◆ **EXERCISE GOAL**:
From first line to last, give the records again word for word and omit the pictures.
____ INPUT
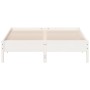 Estructura de cama madera maciza de pino blanco 120x200 cm de vidaXL, Camas y somieres - Ref: Foro24-842703, Precio: 115,37 €...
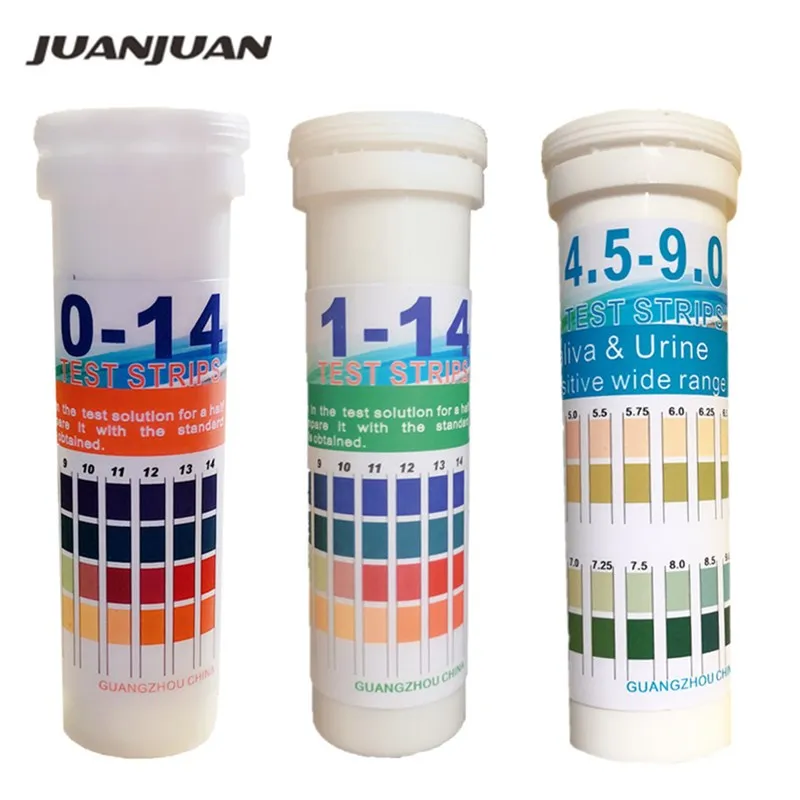 10Set Universal Cylinder Barrel 150 Strips pH Test Paper Strips for Test Body Acid Full Range (pH 1-14/0-14/4.5-9.0) 22%Off
10Set Universal Cylinder Barrel 150 Strips pH Test Paper Strips for Test Body Acid Full Range (pH 1-14/0-14/4.5-9.0) 22%Off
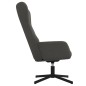 vidaXL Relaxsessel mit Hocker Dunkelgrau Samt vidaXL Relaxsessel mit Hocker Dunkelgrau Samt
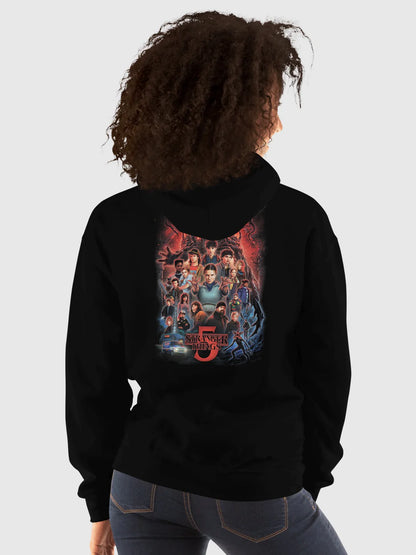 Stranger Things x Kyle Lambert Season 5 Art Hoodie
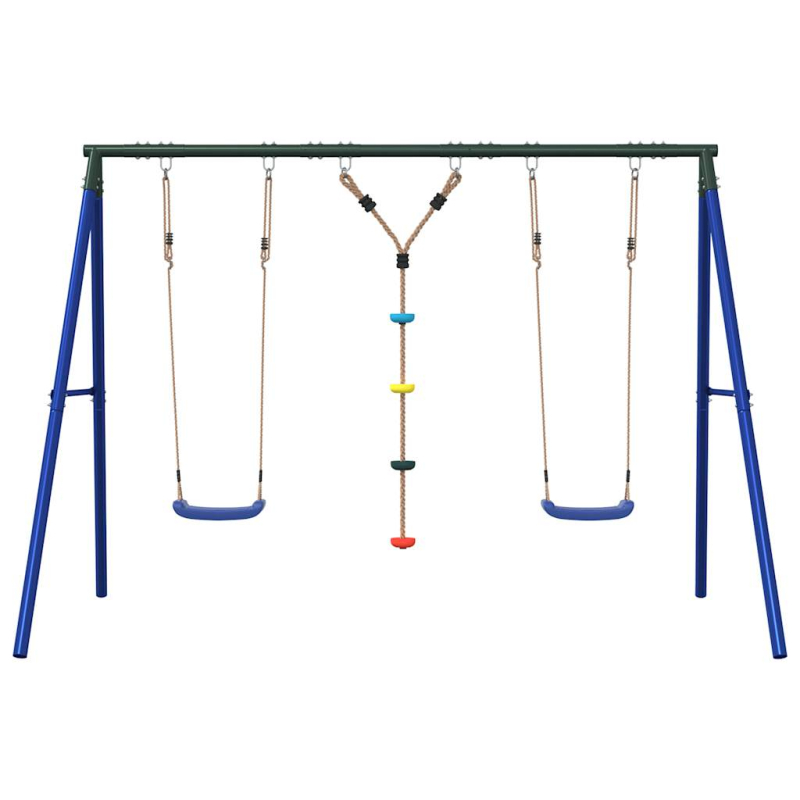 Schaukel-Set mit Schaukelsitzen und Kletterschaukel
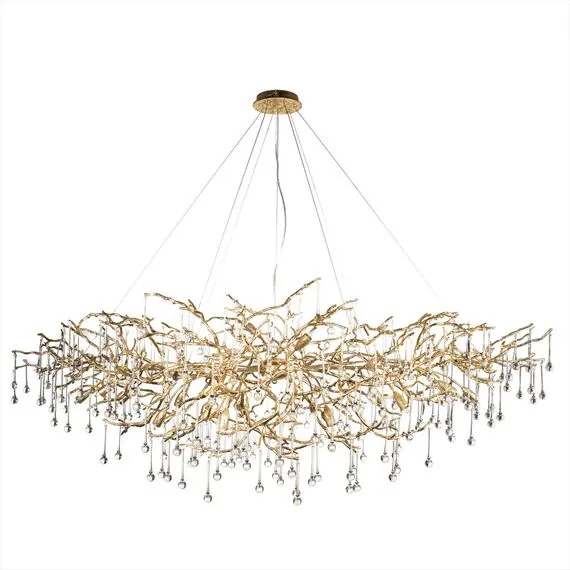 LOFT IT 10067/1800 GD Подвесная люстра Bijout, изображение 2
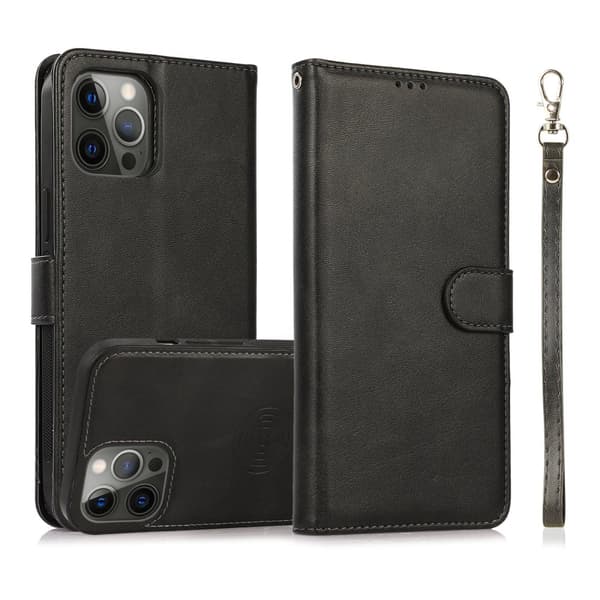 iPhone 16 Plus Magnet Pung Etui 2-i-1 Sort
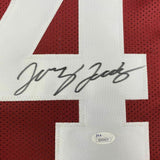 FRAMED Autographed/Signed JERRY JEUDY 33x42 Alabama Red College Jersey JSA COA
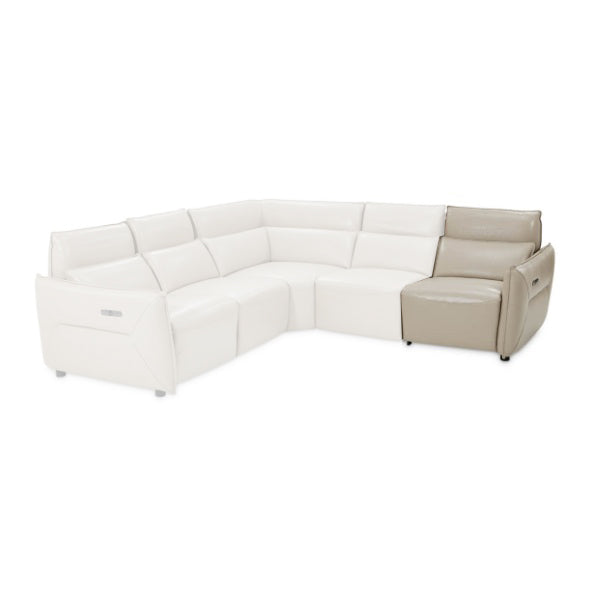 AICO Furniture Verona RAF Motion Chair in Light Gray image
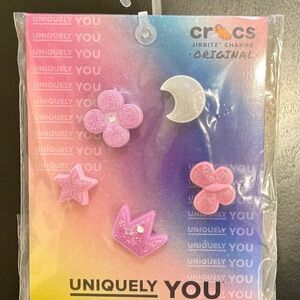 CROCS Jibbitz Charms Set - Pink and White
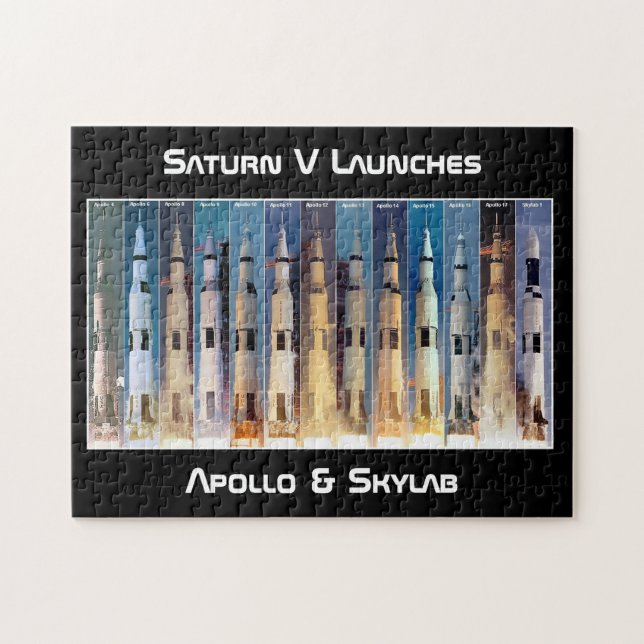 Saturn V Moon Rocket startet (Horizontal)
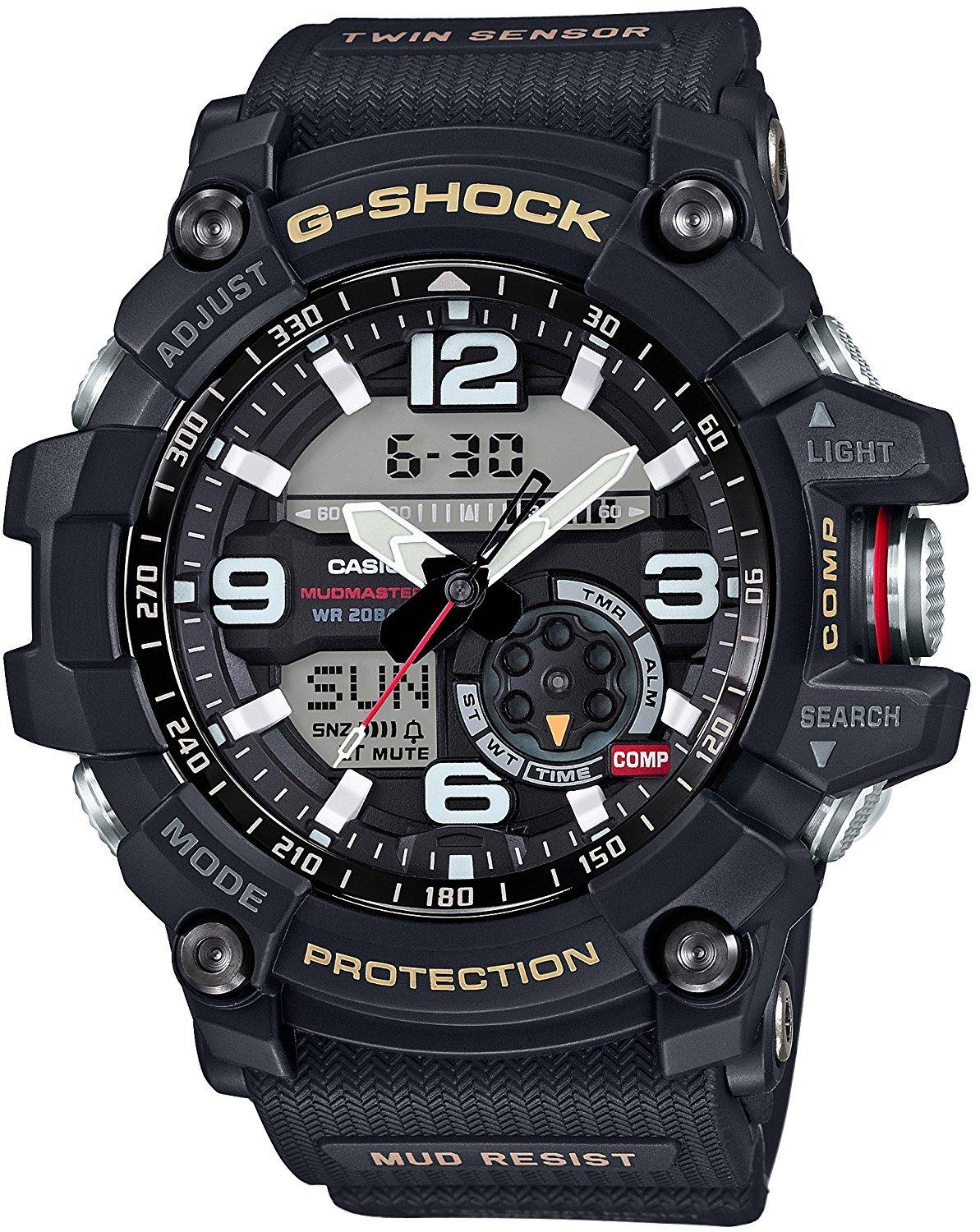 CASIO Mudmaster Quartz World Time Display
________
◆ **FINAL ANSWER**:
 Estructura de cama madera maciza de pino blanco 120x200 cm de vidaXL, Camas y somieres - Ref: Foro24-842703, Precio: 115,37 €...
 10Set Universal Cylinder Barrel 150 Strips pH Test Paper Strips for Test Body Acid Full Range (pH 1-14/0-14/4.5-9.0) 22%Off
10Set Universal Cylinder Barrel 150 Strips pH Test Paper Strips for Test Body Acid Full Range (pH 1-14/0-14/4.5-9.0) 22%Off
 vidaXL Relaxsessel mit Hocker Dunkelgrau Samt vidaXL Relaxsessel mit Hocker Dunkelgrau Samt
 Stranger Things x Kyle Lambert Season 5 Art Hoodie
 Schaukel-Set mit Schaukelsitzen und Kletterschaukel
 LOFT IT 10067/1800 GD Подвесная люстра Bijout, изображение 2
 iPhone 16 Plus Magnet Pung Etui 2-i-1 Sort
 FRAMED Autographed/Signed JERRY JEUDY 33x42 Alabama Red College Jersey JSA COA
 AICO Furniture Verona RAF Motion Chair in Light Gray image
 CROCS Jibbitz Charms Set - Pink and White
 Saturn V Moon Rocket startet (Horizontal)
 CASIO Mudmaster Quartz World Time Display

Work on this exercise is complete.